If you do, keep it simple, don’t let strong, sweet or otherwise exotic flavours detract from the pasta and sauce.
People have asked about how I dress salads. Here’s how.
BASIC SALAD DRESSING 1.
Good extra vergine olive oil
BASIC SALAD DRESSING 2.
Six parts good extra vergine olive oil to one part aged balsamic vinegar.
BASIC SALAD DRESSING 3.
Six parts good extra vergine olive oil to one part lemon juice. Add chopped fresh herbs, to taste.
Four parts good extra vergine olive oil to one part white wine or cider vinegar.
MY STICKY DRESSING
4 parts Hellman’s mayonnaise
1 part wholegrain mustard
1 part honey
1 part wine vinegar
You can make this in quantity. It will keep, in a jar in the fridge, for up to two weeks.

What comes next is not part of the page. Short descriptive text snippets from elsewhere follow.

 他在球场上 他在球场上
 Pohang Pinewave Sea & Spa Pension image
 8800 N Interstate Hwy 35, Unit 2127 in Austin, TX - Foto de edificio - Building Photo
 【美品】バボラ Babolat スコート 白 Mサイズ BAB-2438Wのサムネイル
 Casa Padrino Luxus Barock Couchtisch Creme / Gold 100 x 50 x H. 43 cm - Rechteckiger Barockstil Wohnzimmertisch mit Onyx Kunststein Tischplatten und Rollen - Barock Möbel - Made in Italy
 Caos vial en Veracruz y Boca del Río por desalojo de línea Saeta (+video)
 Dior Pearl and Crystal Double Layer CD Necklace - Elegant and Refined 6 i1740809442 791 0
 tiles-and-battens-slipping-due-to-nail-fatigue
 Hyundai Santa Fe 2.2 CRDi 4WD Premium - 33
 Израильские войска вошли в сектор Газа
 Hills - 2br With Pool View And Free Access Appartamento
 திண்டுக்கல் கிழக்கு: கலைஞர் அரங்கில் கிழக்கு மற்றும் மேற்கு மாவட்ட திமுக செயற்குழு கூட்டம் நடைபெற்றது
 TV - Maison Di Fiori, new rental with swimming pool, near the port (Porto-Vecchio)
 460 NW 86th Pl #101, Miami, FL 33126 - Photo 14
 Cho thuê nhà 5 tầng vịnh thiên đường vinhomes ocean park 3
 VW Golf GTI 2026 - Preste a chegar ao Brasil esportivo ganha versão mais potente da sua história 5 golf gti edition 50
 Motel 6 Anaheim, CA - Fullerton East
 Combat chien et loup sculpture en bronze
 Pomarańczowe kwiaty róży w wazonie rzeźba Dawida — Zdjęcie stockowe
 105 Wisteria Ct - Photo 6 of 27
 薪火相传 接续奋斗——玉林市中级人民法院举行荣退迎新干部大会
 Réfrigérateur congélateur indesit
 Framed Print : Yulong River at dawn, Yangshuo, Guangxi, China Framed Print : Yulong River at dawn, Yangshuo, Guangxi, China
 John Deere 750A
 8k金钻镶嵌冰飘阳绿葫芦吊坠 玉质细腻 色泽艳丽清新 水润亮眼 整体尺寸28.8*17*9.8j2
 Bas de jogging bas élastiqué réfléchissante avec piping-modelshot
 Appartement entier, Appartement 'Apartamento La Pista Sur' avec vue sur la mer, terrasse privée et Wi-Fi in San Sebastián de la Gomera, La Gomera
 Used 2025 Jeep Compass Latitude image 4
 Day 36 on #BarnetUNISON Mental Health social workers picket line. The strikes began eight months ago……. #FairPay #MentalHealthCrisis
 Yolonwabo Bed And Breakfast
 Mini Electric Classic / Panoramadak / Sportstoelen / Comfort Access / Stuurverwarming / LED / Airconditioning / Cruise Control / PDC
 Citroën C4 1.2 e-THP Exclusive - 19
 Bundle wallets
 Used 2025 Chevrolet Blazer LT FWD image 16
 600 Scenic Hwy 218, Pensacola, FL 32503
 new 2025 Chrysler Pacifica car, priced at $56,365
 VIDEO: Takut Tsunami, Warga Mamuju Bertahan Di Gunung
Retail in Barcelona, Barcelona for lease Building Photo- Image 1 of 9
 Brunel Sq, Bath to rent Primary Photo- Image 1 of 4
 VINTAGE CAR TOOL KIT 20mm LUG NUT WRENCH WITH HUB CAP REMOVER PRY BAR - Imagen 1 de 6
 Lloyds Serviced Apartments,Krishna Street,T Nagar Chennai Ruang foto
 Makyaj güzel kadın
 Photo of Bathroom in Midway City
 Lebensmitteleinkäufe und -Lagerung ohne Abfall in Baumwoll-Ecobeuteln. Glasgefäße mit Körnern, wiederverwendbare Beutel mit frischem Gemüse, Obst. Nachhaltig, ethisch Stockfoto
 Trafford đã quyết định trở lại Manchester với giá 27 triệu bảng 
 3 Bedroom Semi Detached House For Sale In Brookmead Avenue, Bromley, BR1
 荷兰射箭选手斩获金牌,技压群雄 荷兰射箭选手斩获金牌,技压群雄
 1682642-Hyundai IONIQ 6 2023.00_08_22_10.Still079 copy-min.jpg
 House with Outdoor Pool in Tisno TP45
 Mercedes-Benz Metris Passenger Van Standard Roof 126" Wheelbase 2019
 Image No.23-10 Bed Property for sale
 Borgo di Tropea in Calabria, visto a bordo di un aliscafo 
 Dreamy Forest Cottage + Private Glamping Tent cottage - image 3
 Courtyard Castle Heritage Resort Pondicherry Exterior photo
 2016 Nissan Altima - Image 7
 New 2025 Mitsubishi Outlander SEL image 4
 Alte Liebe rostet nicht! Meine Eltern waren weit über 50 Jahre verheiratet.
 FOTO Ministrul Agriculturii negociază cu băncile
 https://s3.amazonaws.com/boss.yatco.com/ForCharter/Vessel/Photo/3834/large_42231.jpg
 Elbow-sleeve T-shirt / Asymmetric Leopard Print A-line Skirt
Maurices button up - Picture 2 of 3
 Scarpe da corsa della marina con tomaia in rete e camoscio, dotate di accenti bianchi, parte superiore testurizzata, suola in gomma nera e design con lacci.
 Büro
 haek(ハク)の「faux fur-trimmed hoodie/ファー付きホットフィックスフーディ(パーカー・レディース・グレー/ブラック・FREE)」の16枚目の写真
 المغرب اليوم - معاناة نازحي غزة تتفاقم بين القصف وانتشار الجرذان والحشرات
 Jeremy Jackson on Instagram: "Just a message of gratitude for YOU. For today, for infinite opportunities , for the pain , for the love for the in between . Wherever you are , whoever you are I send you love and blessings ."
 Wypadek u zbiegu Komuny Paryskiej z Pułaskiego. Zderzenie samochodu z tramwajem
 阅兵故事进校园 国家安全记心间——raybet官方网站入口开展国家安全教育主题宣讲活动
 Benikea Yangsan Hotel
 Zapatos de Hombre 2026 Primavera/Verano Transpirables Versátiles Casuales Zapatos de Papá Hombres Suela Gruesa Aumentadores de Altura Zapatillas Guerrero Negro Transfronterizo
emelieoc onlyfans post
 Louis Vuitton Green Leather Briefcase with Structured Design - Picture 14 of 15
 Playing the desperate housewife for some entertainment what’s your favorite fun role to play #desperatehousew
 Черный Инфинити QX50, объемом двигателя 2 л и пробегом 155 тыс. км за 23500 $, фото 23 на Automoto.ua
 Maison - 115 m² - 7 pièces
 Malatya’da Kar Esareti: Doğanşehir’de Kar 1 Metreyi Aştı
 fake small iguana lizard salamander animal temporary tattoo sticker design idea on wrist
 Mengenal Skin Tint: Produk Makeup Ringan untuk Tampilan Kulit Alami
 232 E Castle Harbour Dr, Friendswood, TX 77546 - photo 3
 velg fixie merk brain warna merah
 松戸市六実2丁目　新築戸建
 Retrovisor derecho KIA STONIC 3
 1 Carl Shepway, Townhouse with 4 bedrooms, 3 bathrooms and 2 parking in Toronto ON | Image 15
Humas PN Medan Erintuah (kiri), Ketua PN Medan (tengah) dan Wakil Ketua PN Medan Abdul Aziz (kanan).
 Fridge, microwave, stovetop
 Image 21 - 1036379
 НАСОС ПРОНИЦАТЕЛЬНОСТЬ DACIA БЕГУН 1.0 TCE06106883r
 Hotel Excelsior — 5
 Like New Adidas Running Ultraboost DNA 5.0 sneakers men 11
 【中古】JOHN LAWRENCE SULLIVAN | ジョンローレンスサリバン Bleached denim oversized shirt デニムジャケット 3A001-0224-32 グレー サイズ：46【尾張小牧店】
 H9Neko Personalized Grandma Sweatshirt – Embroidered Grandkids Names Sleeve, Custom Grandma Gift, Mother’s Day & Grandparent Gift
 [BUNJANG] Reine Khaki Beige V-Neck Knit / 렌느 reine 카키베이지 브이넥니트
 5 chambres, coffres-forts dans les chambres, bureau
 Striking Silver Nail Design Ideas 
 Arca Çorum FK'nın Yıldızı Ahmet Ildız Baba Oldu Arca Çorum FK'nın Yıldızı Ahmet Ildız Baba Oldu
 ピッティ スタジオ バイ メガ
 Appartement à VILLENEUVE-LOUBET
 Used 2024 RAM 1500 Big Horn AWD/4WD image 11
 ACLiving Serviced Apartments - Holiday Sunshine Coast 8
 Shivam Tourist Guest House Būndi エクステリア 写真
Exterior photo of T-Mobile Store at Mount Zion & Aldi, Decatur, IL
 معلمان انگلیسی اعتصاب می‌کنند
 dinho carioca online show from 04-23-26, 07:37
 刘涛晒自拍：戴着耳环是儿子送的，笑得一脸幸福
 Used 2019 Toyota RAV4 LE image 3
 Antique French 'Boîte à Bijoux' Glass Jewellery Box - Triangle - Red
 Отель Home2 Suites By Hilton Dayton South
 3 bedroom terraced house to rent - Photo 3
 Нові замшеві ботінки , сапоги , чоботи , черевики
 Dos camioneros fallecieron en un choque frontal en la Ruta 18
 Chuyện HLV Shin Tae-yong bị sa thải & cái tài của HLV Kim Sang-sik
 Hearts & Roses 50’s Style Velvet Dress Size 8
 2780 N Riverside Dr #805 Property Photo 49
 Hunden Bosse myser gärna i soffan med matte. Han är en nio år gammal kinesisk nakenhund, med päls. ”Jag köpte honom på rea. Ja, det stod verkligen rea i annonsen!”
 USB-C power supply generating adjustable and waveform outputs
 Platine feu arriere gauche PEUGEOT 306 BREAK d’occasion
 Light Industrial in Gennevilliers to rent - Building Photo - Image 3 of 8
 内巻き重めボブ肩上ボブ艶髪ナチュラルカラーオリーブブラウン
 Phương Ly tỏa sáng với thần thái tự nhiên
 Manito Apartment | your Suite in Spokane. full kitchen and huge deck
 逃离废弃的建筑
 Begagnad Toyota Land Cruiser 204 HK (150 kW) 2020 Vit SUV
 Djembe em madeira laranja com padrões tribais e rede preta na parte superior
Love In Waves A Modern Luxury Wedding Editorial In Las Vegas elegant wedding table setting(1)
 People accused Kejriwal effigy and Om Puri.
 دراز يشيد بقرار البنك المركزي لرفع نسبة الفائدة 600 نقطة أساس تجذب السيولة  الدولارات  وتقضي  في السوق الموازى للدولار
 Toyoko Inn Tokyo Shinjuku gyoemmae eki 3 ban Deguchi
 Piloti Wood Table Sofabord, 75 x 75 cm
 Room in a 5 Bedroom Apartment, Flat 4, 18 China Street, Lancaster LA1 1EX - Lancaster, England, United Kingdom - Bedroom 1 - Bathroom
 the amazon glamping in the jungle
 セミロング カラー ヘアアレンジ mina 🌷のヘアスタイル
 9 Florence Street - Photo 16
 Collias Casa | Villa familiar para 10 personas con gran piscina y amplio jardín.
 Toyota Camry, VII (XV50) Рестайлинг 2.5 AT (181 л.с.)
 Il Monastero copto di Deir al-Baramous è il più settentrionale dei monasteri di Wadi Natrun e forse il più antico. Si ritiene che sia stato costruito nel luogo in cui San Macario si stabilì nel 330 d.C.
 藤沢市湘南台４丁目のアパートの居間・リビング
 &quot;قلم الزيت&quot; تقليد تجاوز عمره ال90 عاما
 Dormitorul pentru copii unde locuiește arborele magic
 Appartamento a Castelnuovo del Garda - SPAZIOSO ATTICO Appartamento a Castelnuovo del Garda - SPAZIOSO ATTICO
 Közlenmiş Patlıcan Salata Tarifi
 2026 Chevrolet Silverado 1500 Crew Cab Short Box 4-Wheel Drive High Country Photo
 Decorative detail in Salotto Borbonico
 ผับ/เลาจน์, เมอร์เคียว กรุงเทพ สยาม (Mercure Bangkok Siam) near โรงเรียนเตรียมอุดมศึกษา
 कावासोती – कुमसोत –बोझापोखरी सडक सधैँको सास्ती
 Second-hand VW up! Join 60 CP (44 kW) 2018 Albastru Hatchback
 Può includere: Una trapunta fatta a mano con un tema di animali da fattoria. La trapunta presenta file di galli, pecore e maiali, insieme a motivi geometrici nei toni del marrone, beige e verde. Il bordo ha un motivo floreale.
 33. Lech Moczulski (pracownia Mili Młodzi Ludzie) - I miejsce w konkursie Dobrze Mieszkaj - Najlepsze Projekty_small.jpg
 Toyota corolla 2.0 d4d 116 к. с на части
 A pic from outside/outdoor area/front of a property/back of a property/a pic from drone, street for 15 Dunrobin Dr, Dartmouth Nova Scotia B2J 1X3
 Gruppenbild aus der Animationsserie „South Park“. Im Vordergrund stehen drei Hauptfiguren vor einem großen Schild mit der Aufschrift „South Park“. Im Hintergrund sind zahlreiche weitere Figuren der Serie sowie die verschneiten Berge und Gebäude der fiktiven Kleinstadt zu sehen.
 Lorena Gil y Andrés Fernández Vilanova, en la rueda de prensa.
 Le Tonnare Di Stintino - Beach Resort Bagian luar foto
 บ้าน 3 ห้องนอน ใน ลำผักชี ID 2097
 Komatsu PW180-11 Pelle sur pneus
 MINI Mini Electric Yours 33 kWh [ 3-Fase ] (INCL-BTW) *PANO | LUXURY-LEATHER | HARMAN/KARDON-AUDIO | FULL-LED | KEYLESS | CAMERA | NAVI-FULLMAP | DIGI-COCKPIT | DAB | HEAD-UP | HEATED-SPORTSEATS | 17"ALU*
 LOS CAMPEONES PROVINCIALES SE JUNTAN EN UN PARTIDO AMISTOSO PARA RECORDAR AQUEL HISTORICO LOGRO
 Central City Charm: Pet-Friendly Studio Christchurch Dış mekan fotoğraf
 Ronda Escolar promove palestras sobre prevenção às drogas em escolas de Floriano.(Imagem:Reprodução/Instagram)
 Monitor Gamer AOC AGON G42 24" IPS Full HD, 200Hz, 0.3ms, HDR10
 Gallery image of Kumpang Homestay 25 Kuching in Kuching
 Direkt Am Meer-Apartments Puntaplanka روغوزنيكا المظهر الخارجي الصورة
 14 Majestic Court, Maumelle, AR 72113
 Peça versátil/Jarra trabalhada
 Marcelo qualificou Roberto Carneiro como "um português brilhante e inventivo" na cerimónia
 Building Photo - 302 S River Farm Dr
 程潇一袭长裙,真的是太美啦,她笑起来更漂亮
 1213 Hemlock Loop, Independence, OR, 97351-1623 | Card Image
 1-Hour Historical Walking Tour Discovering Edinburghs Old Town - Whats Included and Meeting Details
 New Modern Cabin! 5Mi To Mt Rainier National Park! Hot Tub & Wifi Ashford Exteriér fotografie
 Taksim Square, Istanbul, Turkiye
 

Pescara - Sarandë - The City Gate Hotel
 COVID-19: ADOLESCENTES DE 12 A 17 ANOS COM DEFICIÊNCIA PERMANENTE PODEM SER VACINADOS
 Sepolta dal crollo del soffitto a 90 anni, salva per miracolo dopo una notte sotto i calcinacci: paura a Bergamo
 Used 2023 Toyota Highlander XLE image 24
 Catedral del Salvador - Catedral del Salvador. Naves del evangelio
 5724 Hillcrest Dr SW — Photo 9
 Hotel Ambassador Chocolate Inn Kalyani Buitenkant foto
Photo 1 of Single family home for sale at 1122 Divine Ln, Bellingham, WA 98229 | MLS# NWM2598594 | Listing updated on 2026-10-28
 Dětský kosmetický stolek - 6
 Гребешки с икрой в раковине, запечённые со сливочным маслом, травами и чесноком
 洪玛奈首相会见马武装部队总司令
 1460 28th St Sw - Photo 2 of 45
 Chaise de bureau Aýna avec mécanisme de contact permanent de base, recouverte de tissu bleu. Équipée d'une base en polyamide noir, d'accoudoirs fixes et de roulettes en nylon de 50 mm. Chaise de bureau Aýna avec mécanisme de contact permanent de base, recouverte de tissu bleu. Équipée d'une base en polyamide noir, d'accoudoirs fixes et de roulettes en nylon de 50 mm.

If you like garlic in salad dressings (I can take it or leave it, although I use it copiously in cooked food) cut a clove in two and rub it round the inside of the salad bowl, you get a much fresher, more fragrant aroma than if you bung garlic in the jar of dressing.
No salad or cooked dish is improved by carpet bombing it with the most pungent of herbs except the legendary Norman forty-clove chicken where to use thirty-nine would be cheating!
Chuck out your garlic press, if you have one. It’s easy to pick garlic out of the pan or dish if you think enough is enough. Use a garlic press and you lose one of the most important elements in cooking – control.